I was ahead. I wanted to share my enthusiasm with the crowd. I
messed up. Oh well, it happens.”
A few months later, Kristi Yamaoka, a cheerleader for Southern
Illinois University, fell backward 15 feet onto her head from atop
a human pyramid and suffered a concussion and a chipped vertebra at
the base of her neck. The accident was certainly an unfortunate
event, but interestingly, Kristi received national attention for
her “loyalty and toughness” when she continued to perform cheer arm
motions as she was wheeled off the court on a stretcher. On NBC’s
Today Show, Kristi explained, “I’m still a cheerleader—on a
stretcher or not. So as soon as I heard that fight song, I knew my
job and just started to do my thing.” Further, she admitted that
her biggest concern was that her cheerleading squad and the
basketball team would be distracted by her accident.
Jacobellis’s explanation that she was having some fun, along
with Yamaoka’s argument that it was the cheerleader coming out in
her, speak to the contradictory status of contemporary American
female athletes. Historically, organized sport has been one of the
most masculine-identified institutions in American society, and
women’s entrance into sport has been contested, but not just by
men.
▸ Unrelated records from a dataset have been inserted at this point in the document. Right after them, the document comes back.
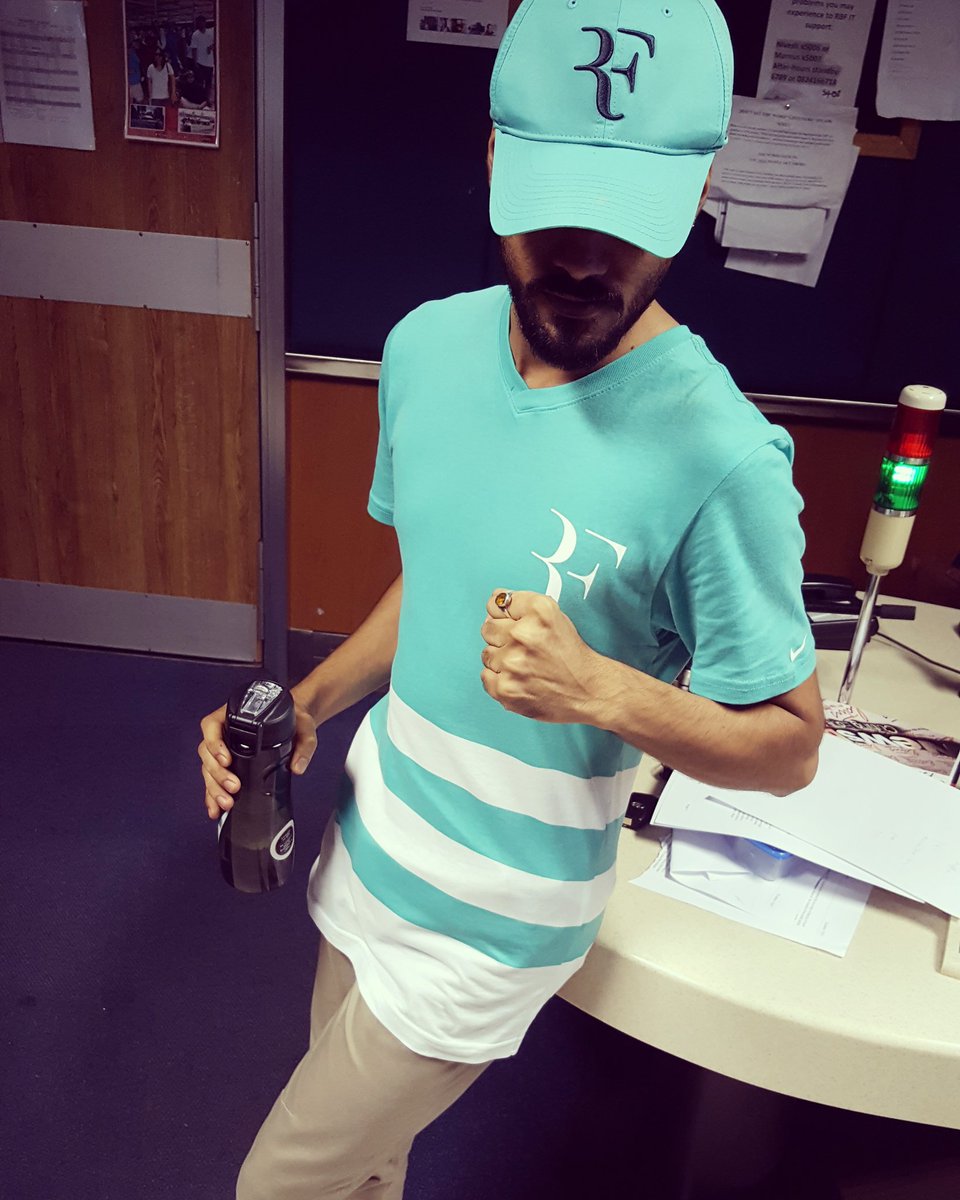taresh_h's tweet photo. @maya_jag my reaction to #rogerfederer winning #AustraliaOpen2017 and his #18thGrandSlam #federerforlife https://t.co/h8xhQqDroV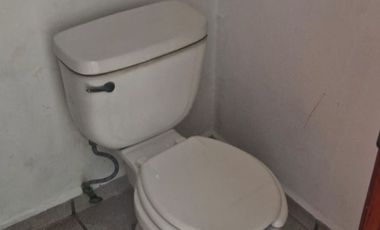 Atractivo local comercial junto a clínica del IMSS en León, Gto.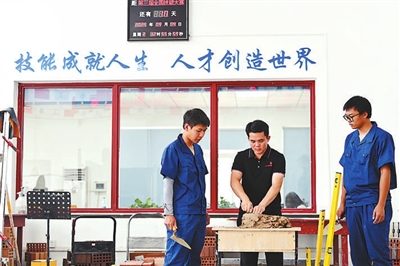 万千灯火耀新程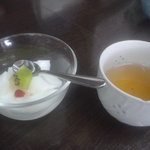 杏仁豆腐＋お茶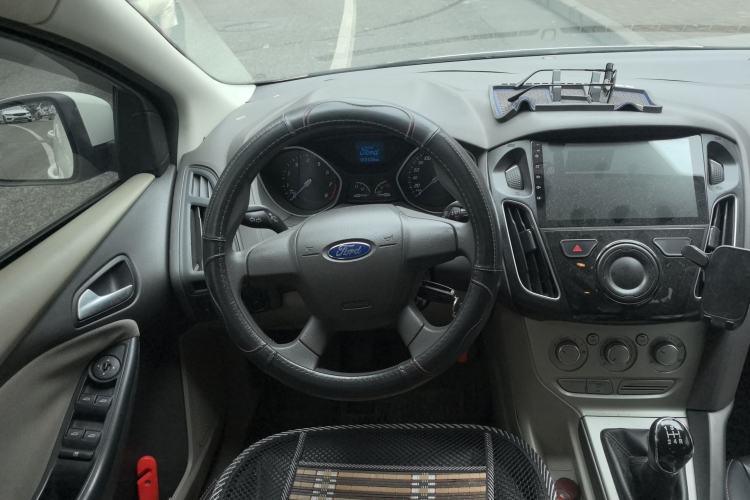 Used Ford Focus 2012 Sedan 1.6L Manual Comfort Model Steering Wheel
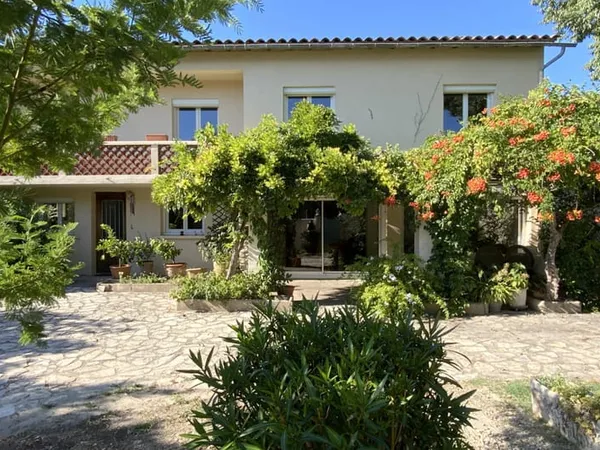 Villa de 170 m2 Uzès à pieds avec jardin de 800 m2.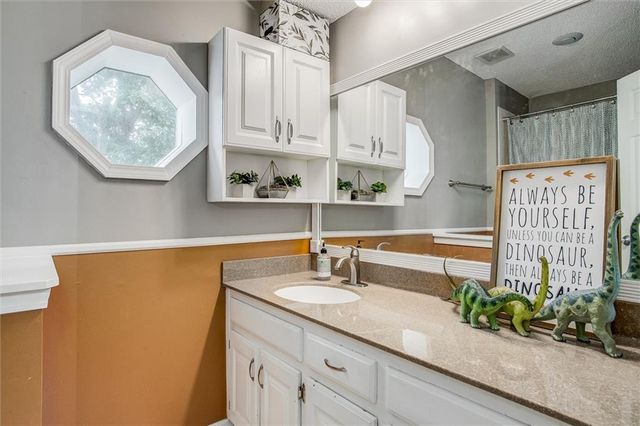 6630 N Anita Avenue, Kansas City, MO 64151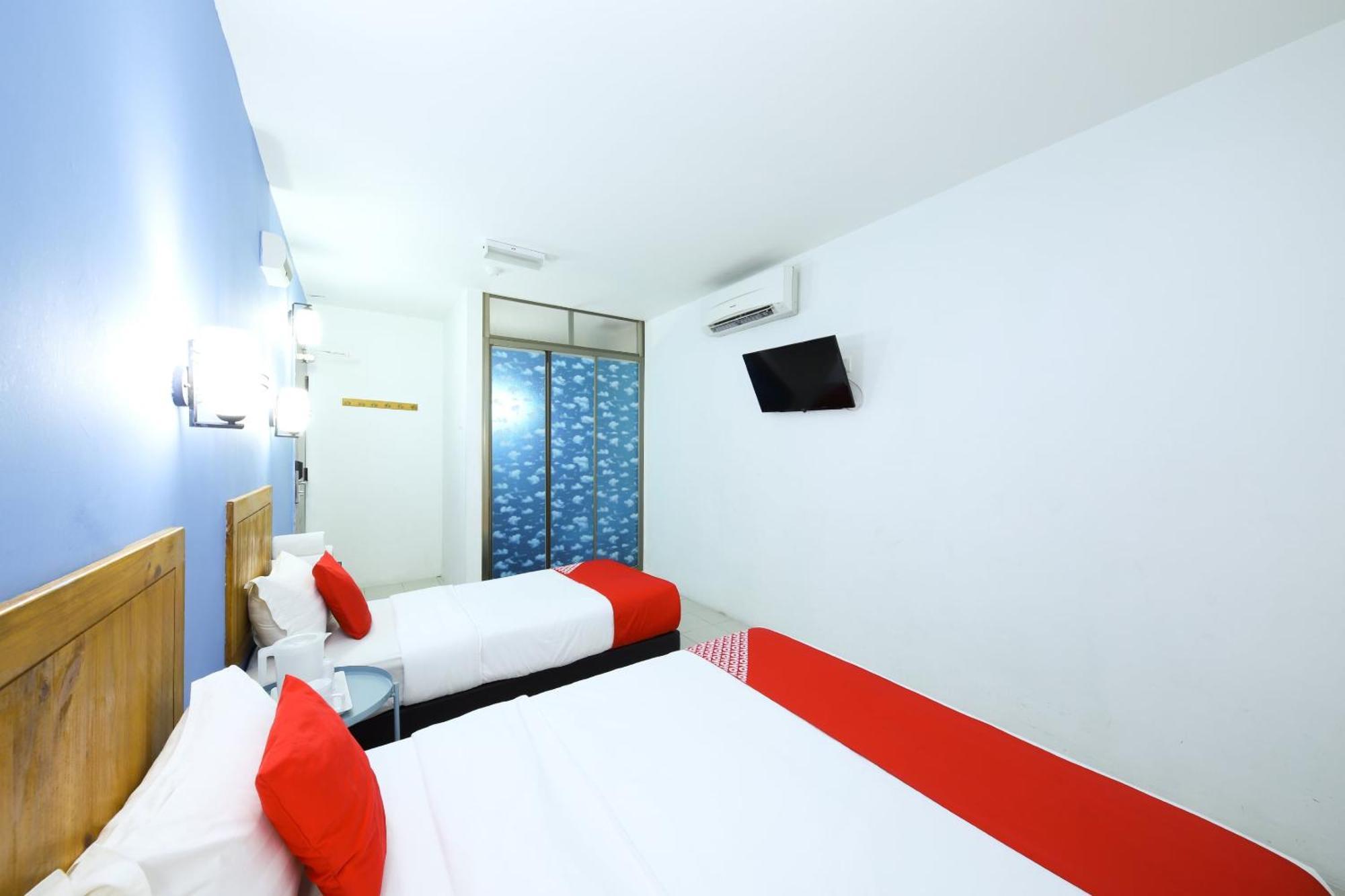 Super Oyo 502 Midah Inn Puchong Buitenkant foto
At the turn of the 20th century, female collegiate athletics
was controlled by female physical educators whose goal for female
collegiate sport was not only to encourage physical activity among
women, but also women’s moral well-being. This was exemplified in
“play days,” which took the place of intercollegiate competitions
and emphasized social interaction and harmony. The mantra for this
feminine model of athletics was “sport for all,” meaning that
participation was valued over competition. This approach was in
direct opposition to the male model, which lauded fierce
competition, individualism, and commercialism, and resulted in
large numbers of injuries, particularly in football. In 1905, the
National Collegiate Athletic Association (NCAA) was created to
decrease these catastrophic injuries. Although this organization
helped institutionalize the masculine model of sport, the feminine
model continued to prevail within women’s collegiate athletics.
But several factors led to the undoing of the feminine model.
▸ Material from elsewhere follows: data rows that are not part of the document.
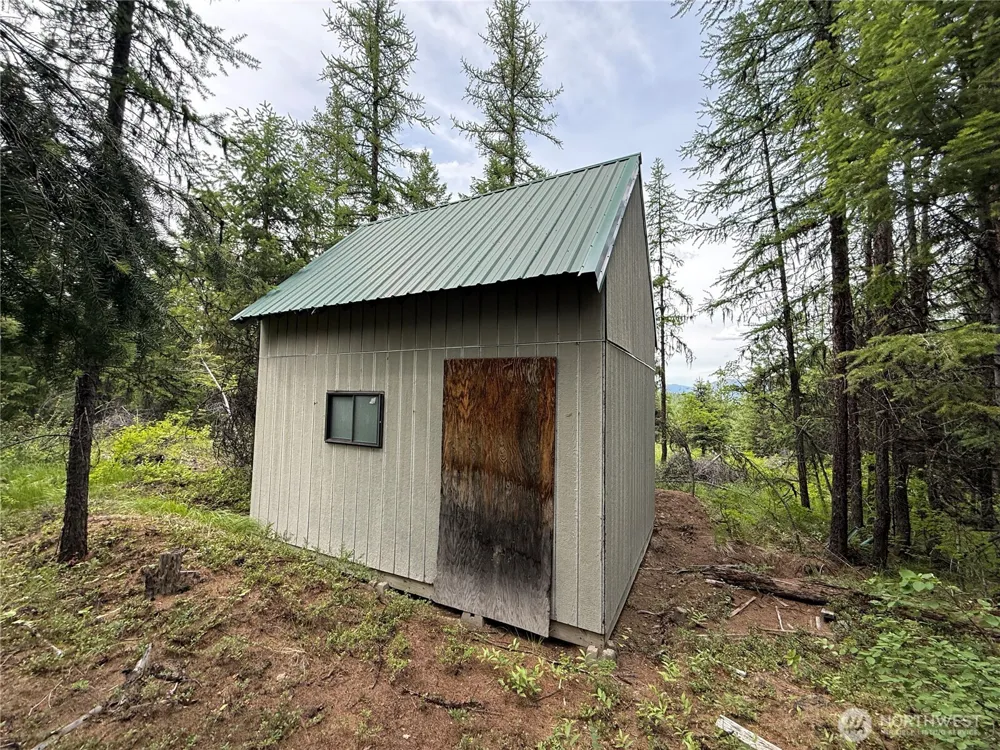0 Mule Deer Road Republic, WA 99166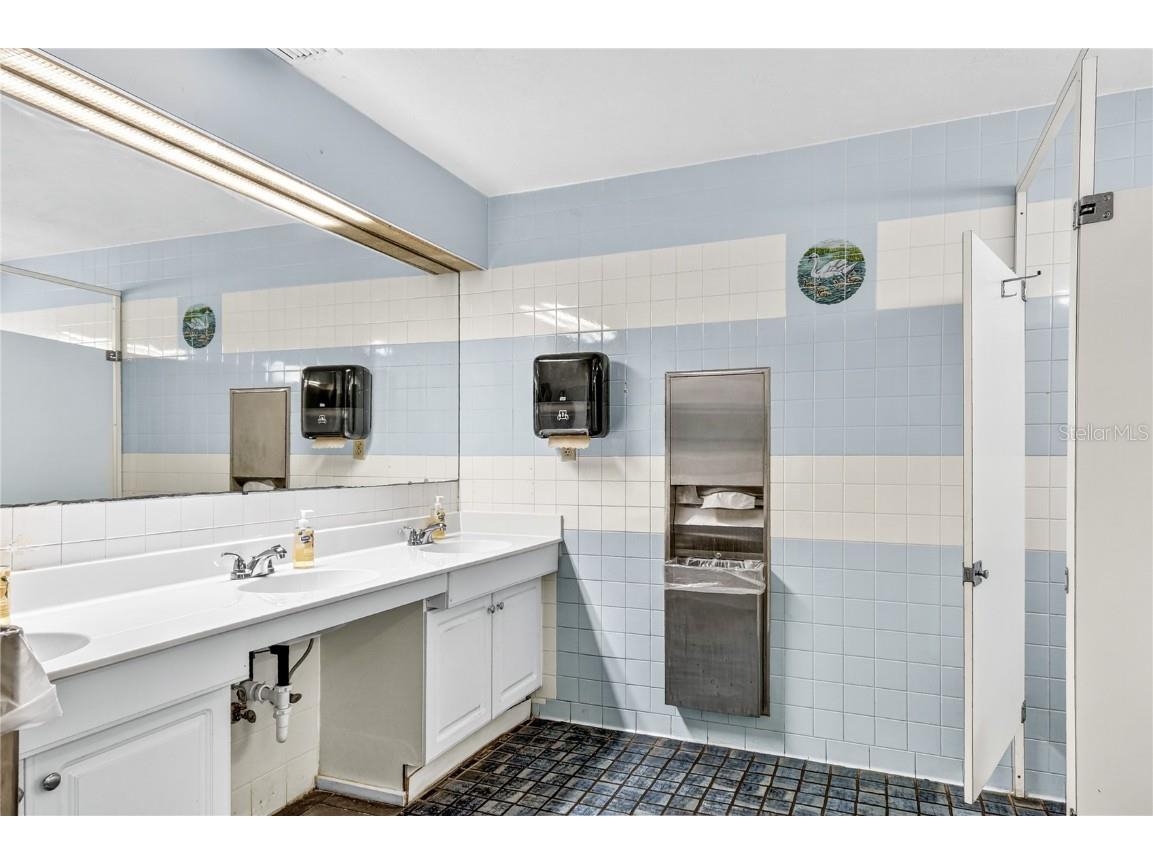 1915 A1a S #ENTIRE BUILDING Saint Augustine FL 32080 GC534545 image10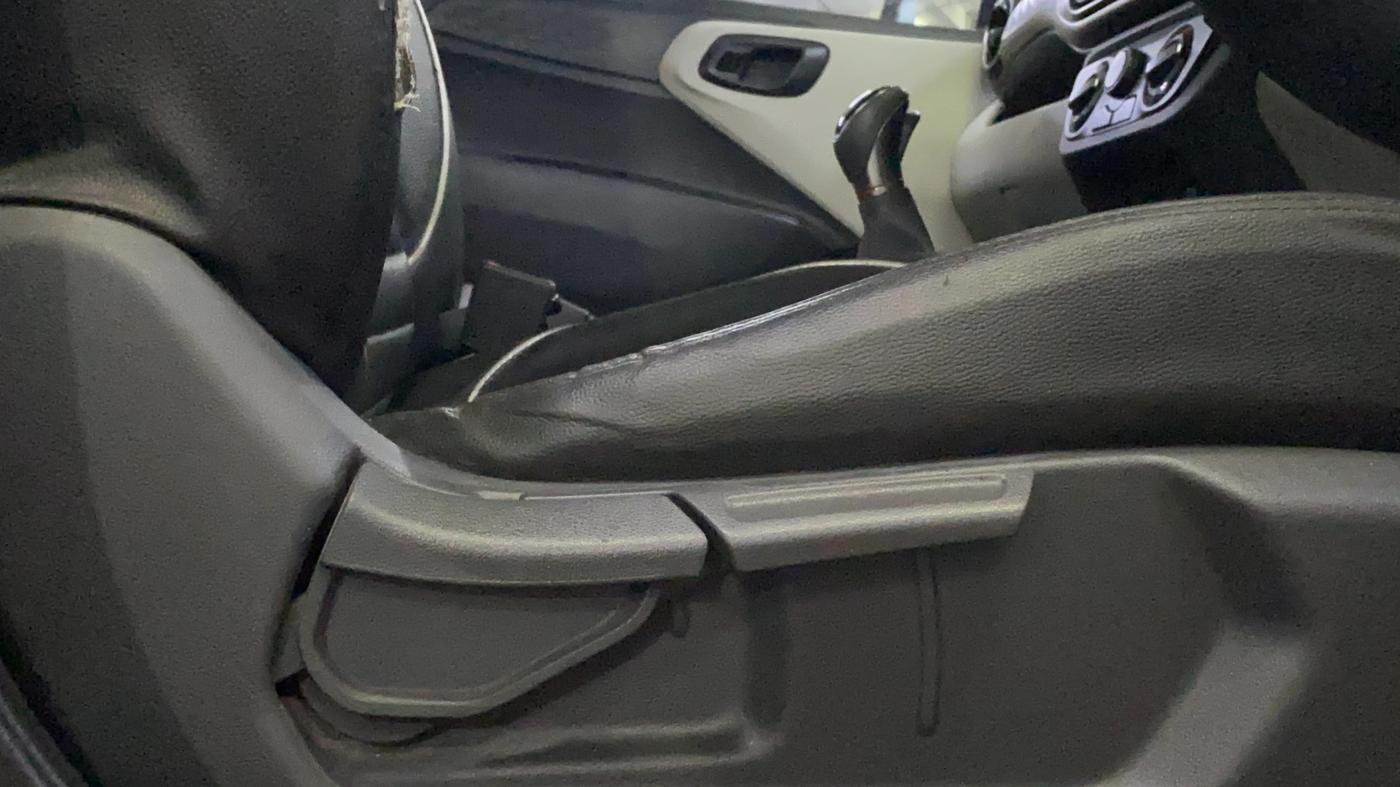 2022 Hyundai AURA S 1.2 AMT, Petrol, Automatic, 45,222 km, Driver Side Adjustment Panel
The failure of U.S. female athletes to secure gold at the Olympics
during the Cold War encouraged the NCAA and other male athletic
organizations to begin the slow process of acquiring control of
women’s collegiate athletics. With the second wave of feminism
during the 60s and 70s, many women athletes and feminists wanted to
increase female participation in sports and also wanted the
resources and benefits male athletes received but which the
feminine model of sport did not compete for. Further, the social
shifts engendered by the Women’s and the Civil Rights movements
also contributed to a rethinking among some women regarding the
female athletic model, which was anti-varsity, anti-scholarship,
anti-competitive, and anti-Olympic.
With the passage of Title IX in 1972, the controversy regarding
women’s status in sports changed from a philosophical discussion to
one of legality. The implementation of Title IX, often by federal
court order, encouraged females of all ages to participate in
sport. However, this legal challenge also shifted the discussion of
the purpose or philosophy of sport, which the earlier female
educators had encouraged, to a more technical and legal discussion.
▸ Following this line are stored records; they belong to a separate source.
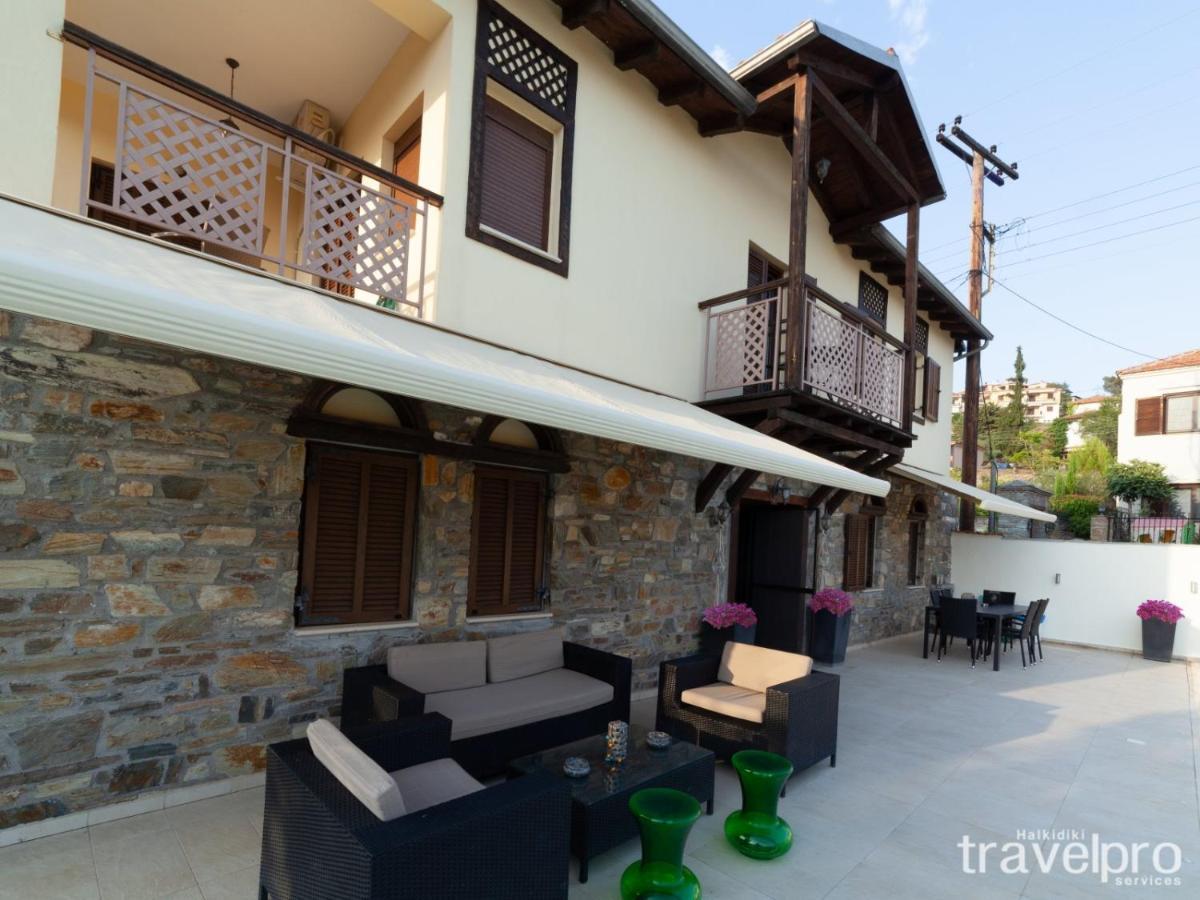 Villa Artemis By Rentalspro - Nikiti Halkidiki Buitenkant foto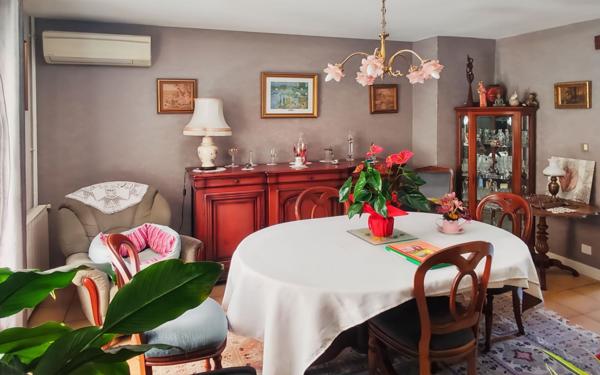 Maison à vendre    5 pièces •  Nègrepelisse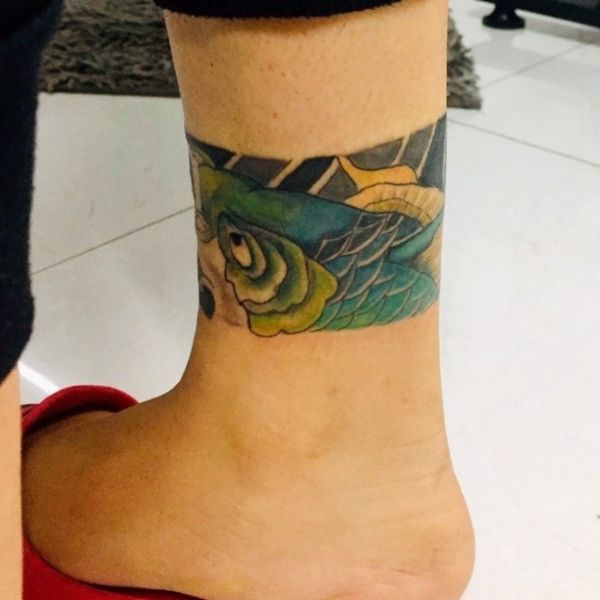 Tattoo vòng chân cá chép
While there has been an exponential increase in girls’
participation in sport since the inception of Title IX, there has
also been a general acceptance of the masculine model of sports as
demonstrated by the power of the NCAA over both men’s and women’s
collegiate athletics.
So what are the meanings of Lindsey and Kristi’s falls? Lindsey
was belittled both for what she did that led to the fateful fall
and for how she explained it. First, most sports commentators were
incredulous that she would blow a substantial lead in an Olympic
competition through a showboating or “styling” type of move. But
several commentators noted that snowboarding itself is about style
and that Lindsey’s style had already been commercialized through
photo shoots and Visa commercials. Thus her board grab was part of
the sport itself, as well as a typical move by many male athletes
who are celebrating their physical prowess. Think here of
slam-dunks. Lindsey’s fall could be read as a focus on
individualism and bravado, a mainstay of professional sports
throughout the nation. At the same time, her comments about the
“fun” of the competition and that she “messed up” speak more to the
earlier feminine model of sport as found in the play days.
Kristi’s fall is more problematic than Lindsey’s, since whether
cheerleading constitutes a sport is still an ongoing controversy.
Although cheerleading began as an all-male activity at elite
universities over 100 years ago, its femininization during World
War II and its sexualization in the 1970s via the Dallas Cowboys
Cheerleaders have contributed to its entertainment and non-sport
status. However, in the last 20 years, with the focus on
competitive cheerleading, the inclusion of gymnastics-oriented
stunting, and the participation of more men at the collegiate
level, the status of cheerleading has shifted somewhat. The fact
that Kristi could receive such a serious injury as a cheerleader
speaks to this change. Some commentators compared her actions of
continued cheering with a concussion to male athletes continuing to
play with severe injuries, and she was labeled tough. At the same
time, Kristi’s worries of distracting the team and her squad place
her fall and her sport back into the traditional feminine model of
sport, and in many ways, into the traditional model of femininity,
that of concern for others.
Two female athletes. Two public falls. And multiple ways of
making sense of both. But perhaps these two falls and how we make
sense of them could lead to a creation of a third space for female
athletes, one that encourages both competition and fun and
both individual accomplishment and concern for the team.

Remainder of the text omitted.